We use multifluid 2D hydrodynamical simulations and the dust is treated in the pressureless-fluid approximation, assuming a single grain size of 5 mu m. The initial surface density profiles containing two bumps are motivated by recent observations of the protoplanetary disc HD163296.
When planets are allowed to migrate, either a single planet from the outer pressure maximum or two planets from each pressure maximum, the initial pressure bumps quickly spread and merge into a single bump which is radially wide and has a very low amplitude. The redistribution of the disc material is accompanied by the Rossby Wave Instability and an appearance of mini-vortices that merge in a short period of time to form a large vortex.
The large vortex induces perturbations with a spiral wave pattern that propagate away from the vortex as density waves.

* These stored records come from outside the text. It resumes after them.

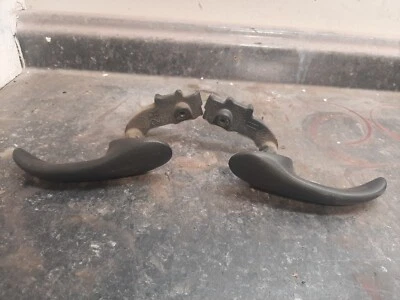 1997-1998 FORD F150 97-02 EXPEDITION Right/Left Side Interior Door Handle Set OE - Image 1 of 4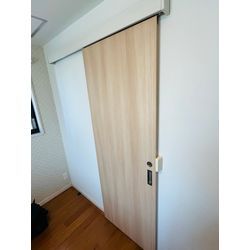 目黒区で吊扉の吊車の交換を行いましたの画像2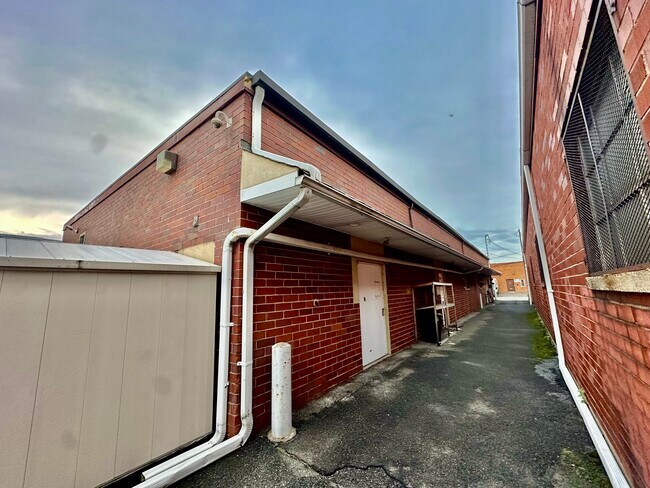 Plus de détails pour 17-19 Industrial Ave, Fairview, NJ - Industriel à louer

We found that these vortex-induced spiral waves strongly interact with the spiral waves generated by the planet and we called this mechanism the 'Faraway Interaction'.
It facilitates much slower and/or stagnant migration of the planets and it excites their orbital eccentricities in some cases. Our study provides a new explanation for how rocky planets can come to have a slow migration in protoplanetary discs where vortex formation occurs.